Il tumore della vescica rappresenta circa il 3% di tutti i tumori e, in urologia, è secondo solo al tumore della prostata: ecco sintomi e cure
Il tumore della vescica rappresenta circa il 3% di tutti i tumori e, in urologia, è secondo solo al tumore della prostata. È più comune tra i 60 e i 70 anni ed è tre volte più frequente negli uomini che nelle donne. Alla diagnosi il tumore della vescica è superficiale nell’85% dei casi, infiltrante nel 15%. Secondo i dati del Registro Tumori, in Italia mediamente ogni anno si stimano circa 27.000 casi di tumore vescicale, considerando sia le forme infiltranti sia quelle superficiali.
Sintomi
I sintomi con cui si può presentare il tumore della vescica sono comuni anche ad altre malattie che colpiscono l’apparato urinario. “Manifestazioni frequenti sono la presenza di sangue nelle urine (ematuria) e la formazione di coaguli– indica il Direttore dell’Urologia-. Più raramente, la difficoltà e il dolore a urinare, a cui si aggiunge una maggior probabilità a contrarre infezioni”. In alcuni casi questi disturbi possono portare il paziente in Pronto soccorso.
Chi è a rischio
Per il tumore della vescica il fumo di sigaretta è il principale fattore di rischio, seguito dall’esposizione cronica alle ammine aromatiche e nitrosamine (frequente nei lavoratori dell’industria tessile, dei coloranti, della gomma e del cuoio), da eventuali radioterapie che hanno coinvolto la pelvi, dall’assunzione di farmaci come la ciclofosfamide e la ifosfamide e dall’infezione da parassiti come Bilharzia e Schistosoma haematobium, diffusi in alcuni Paesi del Medio Oriente (Egitto in particolare). Si suppone che anche la dieta possa avere un ruolo: fritture e grassi consumati in grande quantità sono associati a un aumentato rischio di ammalarsi di tumore della vescica. Esistono infine, spiegano gli esperti dell’Ospedale Niguarda, prove a favore di una componente genetica quale fattore predisponente.

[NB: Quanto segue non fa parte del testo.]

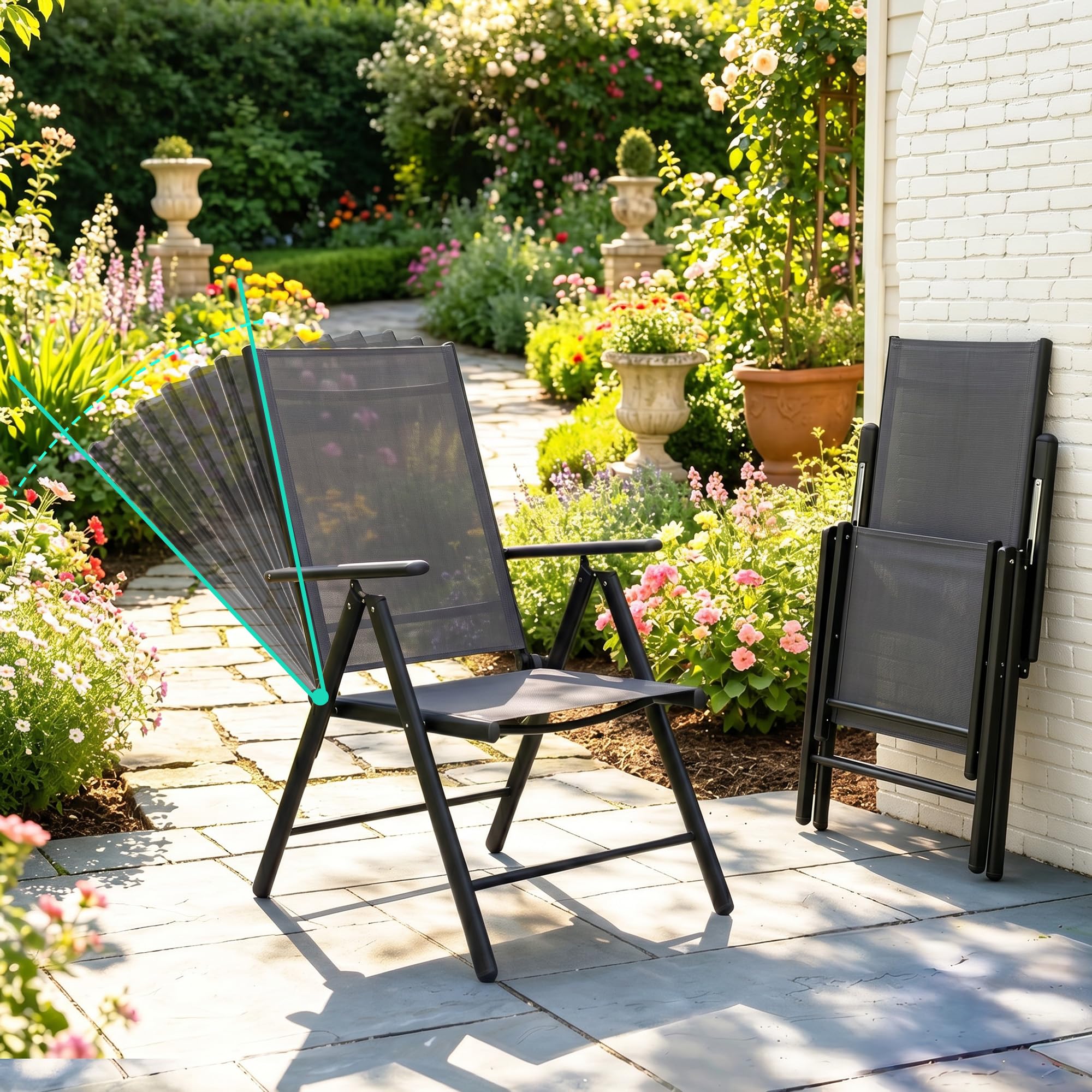 2026 Aufwertung 4er Set Klappbare Hochlehner Gartenstühle, Regulierbarer 7 Winkel Wetterfeste Terrassenstühle mit Atmungsaktives Textilene & Stahlgestell für Garten, Balkon, Terrasse, Poolbereich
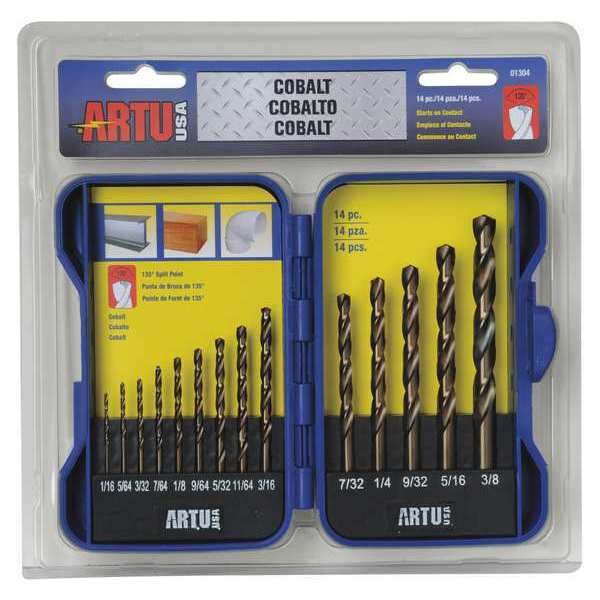 14pc. Cobalt 135 Degrees Drill Bit Set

Come si cura il tumore della vescica
I trattamenti chirurgici dei tumori della vescica sono principalmente endoscopici e poco invasivi, spesso seguiti da terapie locali intravescicali con chemioterapici o con il bacillo di Calmette-Guerin (BCG, lo stesso che si usava per vaccinare contro la tubercolosi) che riducono il rischio di recidive. “Più raramente e per malattie infiltranti– specifica lo specialista – è necessaria la cistectomia (asportazione della vescica), che al Niguarda viene eseguita anche con la chirurgia robotica, e che prevede o la formazione di una stomia esterna (cioè di un sacchettino sull’addome per raccogliere l’urina) o la costruzione di un serbatoio interno (la cosiddetta neovescica) utilizzando un segmento intestinale”. Nel percorso di cura molto spesso oggi si punta su interventi combinati, che possono vedere impiegati, secondo schemi terapeutici diversificati, chirurgia, chemioterapia o immunoterapia e radioterapia.